Welsh town to copy Isle of Man model in TV tax haven documentary
The Isle of Man’s role as an offshore finance centre will come under the spotlight on television following a Welsh town’s experiment in how to avoid paying UK tax.
Independent traders in Crickhowell, led by the salmon smokery, the local coffee shop, the adventure clothes shop, the optician, the book shop and the bakery, adopted practices used by multi-national giants such as Google and Starbucks in a protest bid to move their entire town ‘offshore’.
Shopkeepers in the Powys market town submitted their own DIY tax plan to UK tax authorities, copying offshore arrangements used by global brands such as Caffé Nero, which critics claim has not paid corporation tax in the UK since 2008 despite recording sales worth £1.2bn.
A BBC2 documentary following Crickhowell’s tax rebellion show four of the traders visiting the Isle of Man, where a parent company of Caffé Nero is based.
They say other towns in the UK could follow their example – and their aim is to force Treasury to crack down on loopholes that allow multinationals to pay little or no corporation tax.
Exact details of the tax avoidance scheme have been kept under wraps but is said to involve shifting intangible assets to the Isle of Man and setting up a trading arm in the Netherlands.
Chief Minister Allan Bell MHK insists the island does not encourage aggressive tax planning.
Jo Carthew, who runs Crickhowell’s Black Mountain Smokery, said: ‘We were shocked to discover that the revenue generated by hard-working employees in these British high street chains isn’t declared. We do want to pay our taxes because we all use local schools and hospitals but we want a change in the law so everyone pays their fair share.
‘Until now, these complicated offshore tricks have only been open to big companies who can afford the lawyers’ fees. But we’ve put our heads together and worked out a way to mimic them.’
She added: ‘It’s a threat to the government because if they don’t act this could be rolled out to every town. Everything we have proposed is legal.’
Local baker Steve Askew said the traders never intended to put their tax plan into practice but use it as a way of embarrassing the UK government and big businesses into taking action.
He said: ‘Any right thinking person accepts we have to pay taxes. When people can’t accept is the injustice.’
Russian-born Irena Kovaleva of Crickhowell Optometrists, who has lived in Wales for 15 years, said she had embarked on the project out of curiosity. ‘Why is the government not doing more?’ she asked.
HMRC has responded to Crickhowell’s initiative by pointing out that extra funding has been made available to crack down on multinational tax avoidance. UK Chancellor George Osborne has pledged to introduce a Google Tax designed to discourage large companies diverting profits out of the UK to avoid tax.

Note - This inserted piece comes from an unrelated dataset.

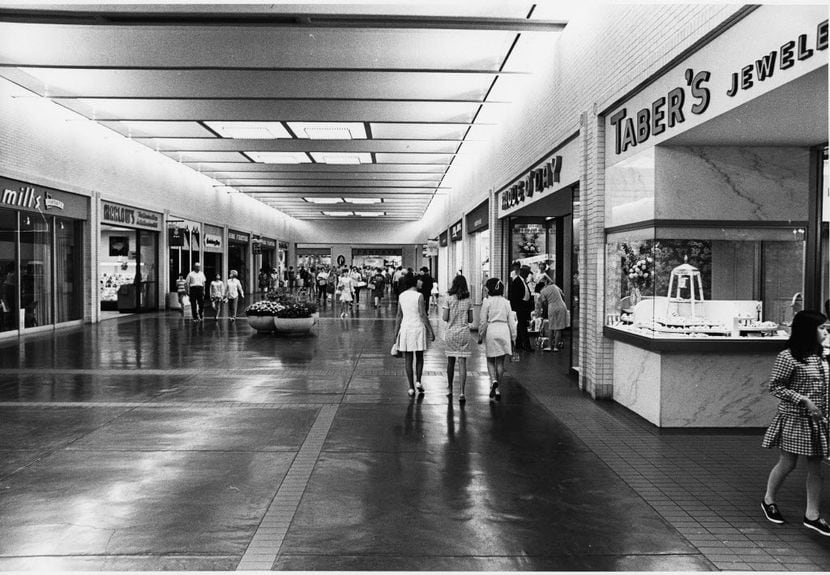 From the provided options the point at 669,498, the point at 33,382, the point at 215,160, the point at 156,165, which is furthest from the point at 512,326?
the point at 156,165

Chief Minister Allan Bell said: ‘The Isle of Man has been very closely following international standards to prevent aggressive tax avoidance and evasion.
‘We work closely with the UK tax authorities and no way encourage this type of behaviour.
‘The Isle of Man economy pumps billions of pounds into the UK through the City of London and indeed wider with, for instance, investment in Merseyside through Manx companies like Peel Holdings.’
The BBC2 documentary The Town that Went Offshore, presented by Heydon Prowse, co-creator of BBC3 series
The Revolution will be Televised, is due to be screened next year.